CATHERINE Zeta Jones was cruelly portrayed as "ruthless, fussy and hard as nails" in a damning documentary over the weekend.
Channel Four's Brits Go To Hollywood, which examined the Oscar winner's rise to stardom, even claimed her role as Velma in Chicago reflected the real Catherine - "desperate to be on top, with everything on show, wanting everyone to love her".
From her childhood, the documentary said she was "steely and precocious by the age of six", winning nearly every talent show she entered.
Suzie Kemeys, her co-star as a child when they both performed in Annie, told the programme: "She was always aware if someone important was around.
"She was never daunted by who she met, she knew how to handle herself all the time."
Piers Morgan, Daily Mirror editor, said her "devastating ambition and utter determination" came out when her career blossomed during the Darling Buds of May.
"She was very tactile, she would always give you a little kiss, she made you feel wonderful. She understood it was a game and she was good at it, I admired her, she was ruthlessly trying to get to the top and she did it with a smile and a sexy wriggle," he said.
But when Zeta moved to the USA, the media believed her 15 minutes of celebrity fame was up.
Mr Morgan said: "When she left the UK for Hollywood we honestly all thought that would be the last we'd see of her."
When she arrived, Christine Spines, from Premiere magazine, said: "She went everywhere - there was nothing subtle about it."
But her drive paid off - movie offers increased and she later fell in love with and married movie superstar Michael Douglas.
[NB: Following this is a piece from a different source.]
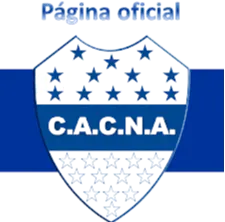 Central Norte Argentino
The documentary also accused her of control freakery over her image and in the parts she played.
Hinting at her so-called ruthless streak, High Fidelity director Stephen Frear said Catherine "was perfectly happy to be nasty in the film, it didn't bother her one bit".
Following the Hello! battle, the programme accused her of being "fussy and hard as nails" and Piers Morgan described her appearance in court as "manipulative and nauseating".
Another critic, entertainment guru Brian Sullivan, who handed Zeta medal after medal at Swansea talent shows during her youth, believes she had offended the people living in her home city when she famously said "£1m isn't a lot of money" after the court battle with Hello! magazine over her wedding pictures.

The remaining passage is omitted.